┌──

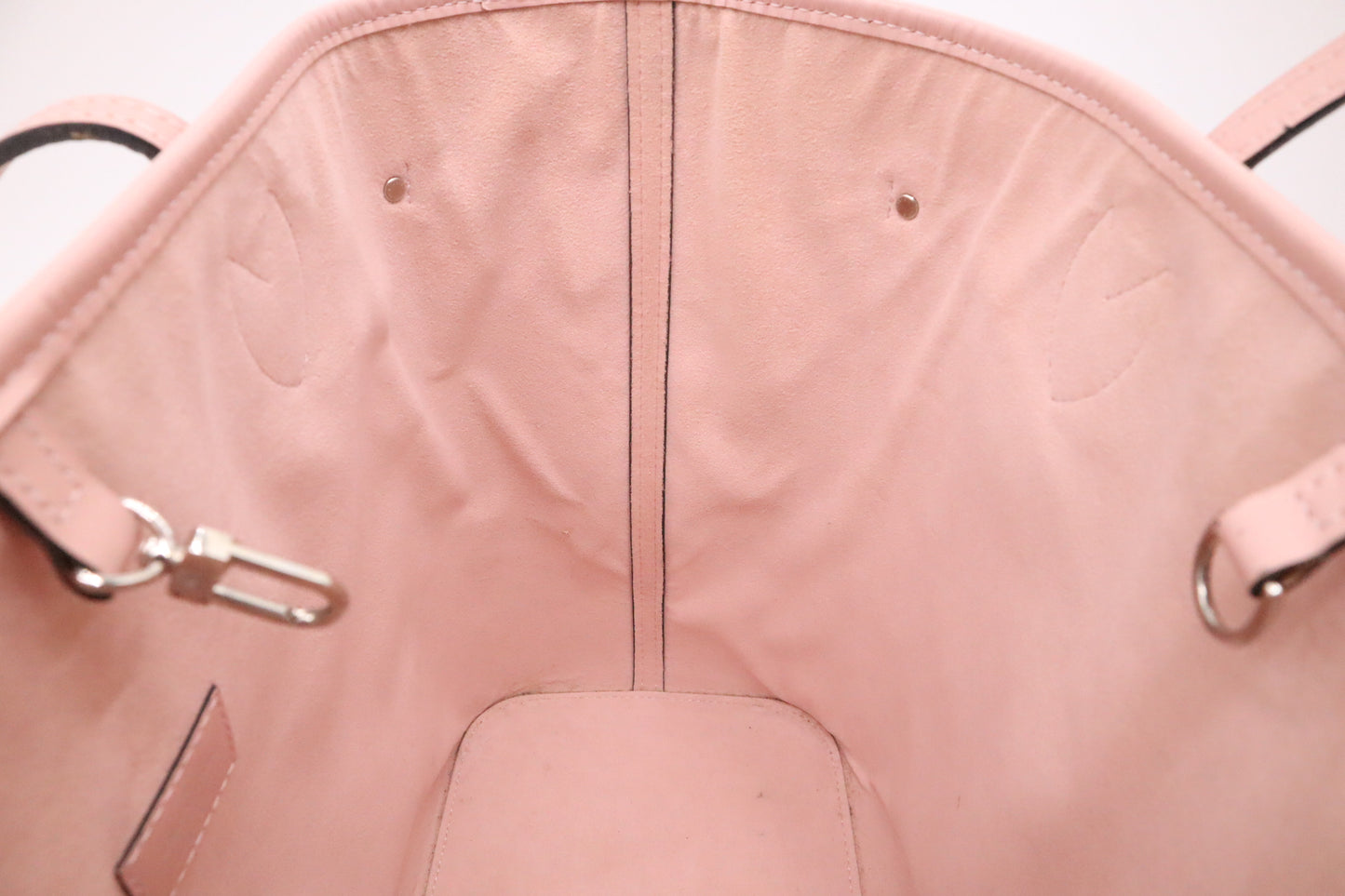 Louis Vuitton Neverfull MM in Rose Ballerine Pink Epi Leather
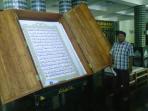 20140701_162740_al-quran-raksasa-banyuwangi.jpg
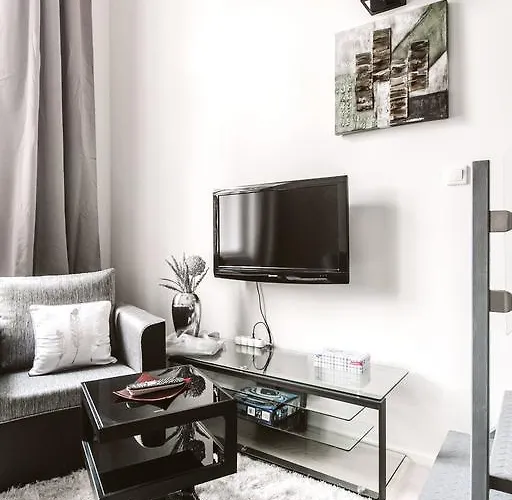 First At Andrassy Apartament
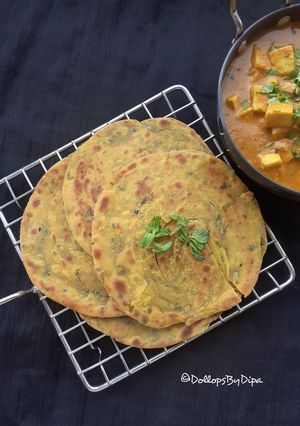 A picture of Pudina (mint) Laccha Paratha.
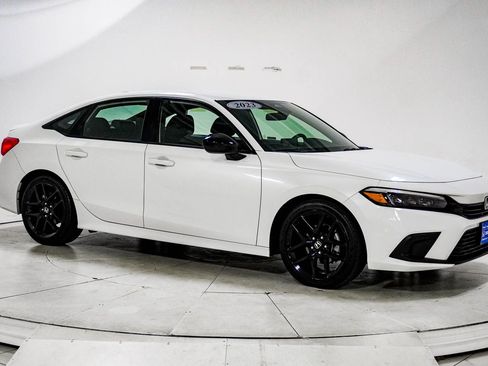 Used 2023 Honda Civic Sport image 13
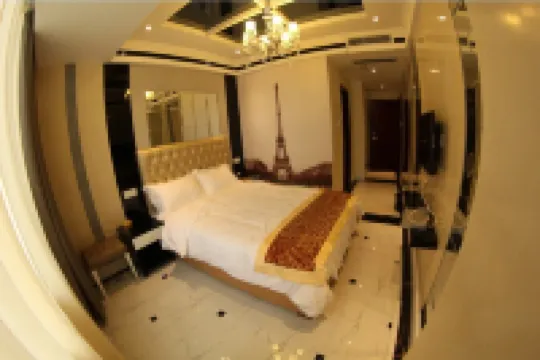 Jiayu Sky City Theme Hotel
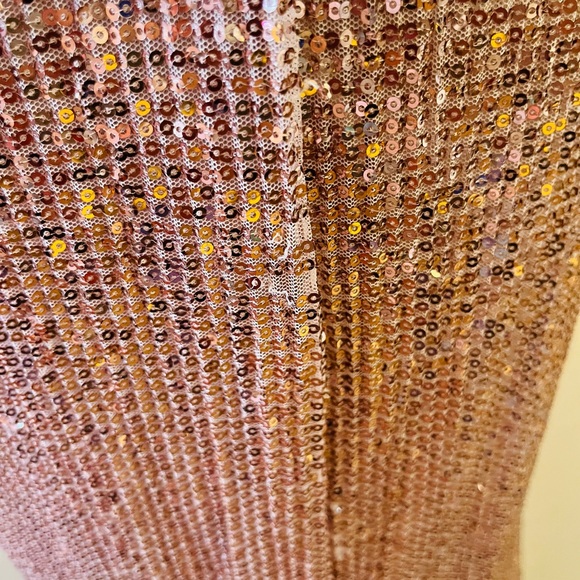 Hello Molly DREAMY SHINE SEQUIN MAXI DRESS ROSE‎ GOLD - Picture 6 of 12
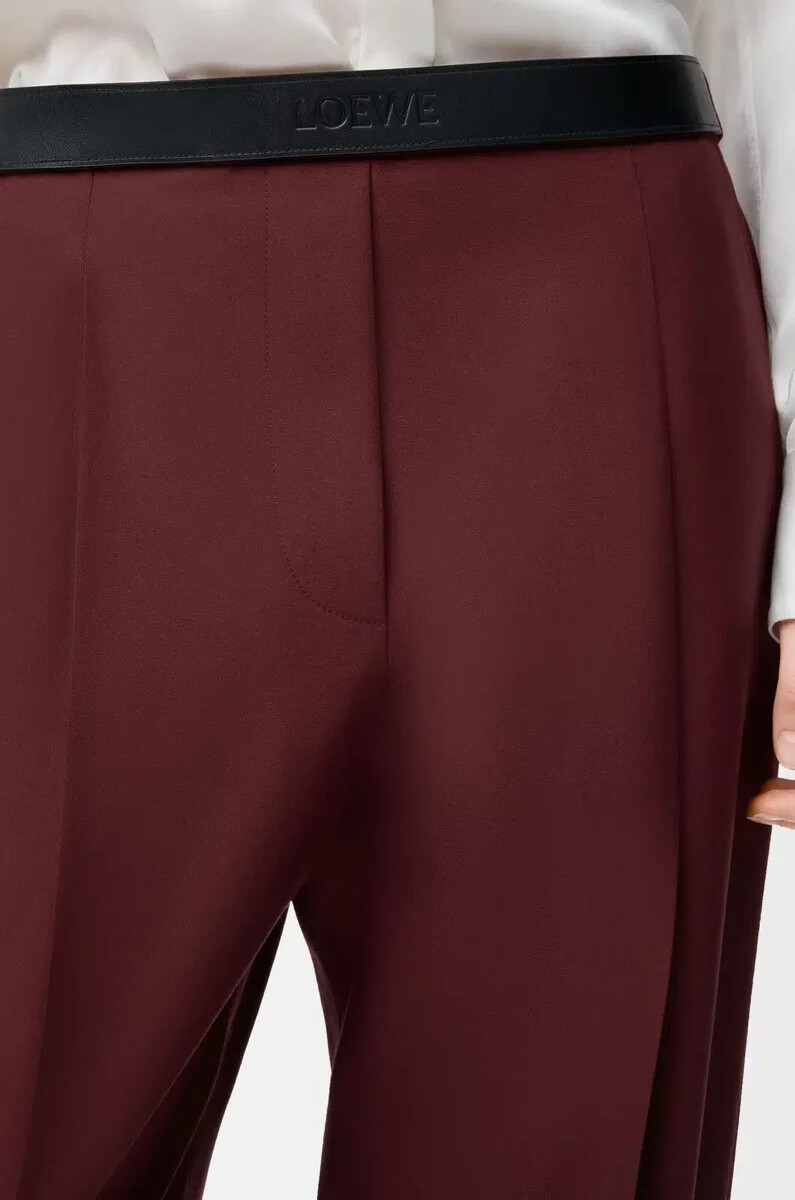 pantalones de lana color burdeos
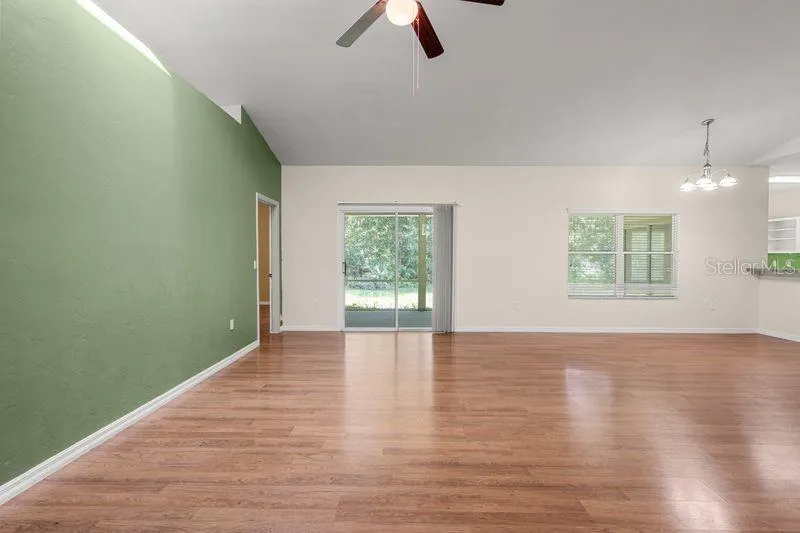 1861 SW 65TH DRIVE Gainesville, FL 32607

└──

§ TASK DETAILS
Text only, please: give the listing again word for word with no images.

§ ANSWER TO THIS PROBLEM
 Louis Vuitton Neverfull MM in Rose Ballerine Pink Epi Leather
 20140701_162740_al-quran-raksasa-banyuwangi.jpg
 First At Andrassy Apartament
 A picture of Pudina (mint) Laccha Paratha.
 Used 2023 Honda Civic Sport image 13
 Jiayu Sky City Theme Hotel
 Hello Molly DREAMY SHINE SEQUIN MAXI DRESS ROSE‎ GOLD - Picture 6 of 12
 pantalones de lana color burdeos
 1861 SW 65TH DRIVE Gainesville, FL 32607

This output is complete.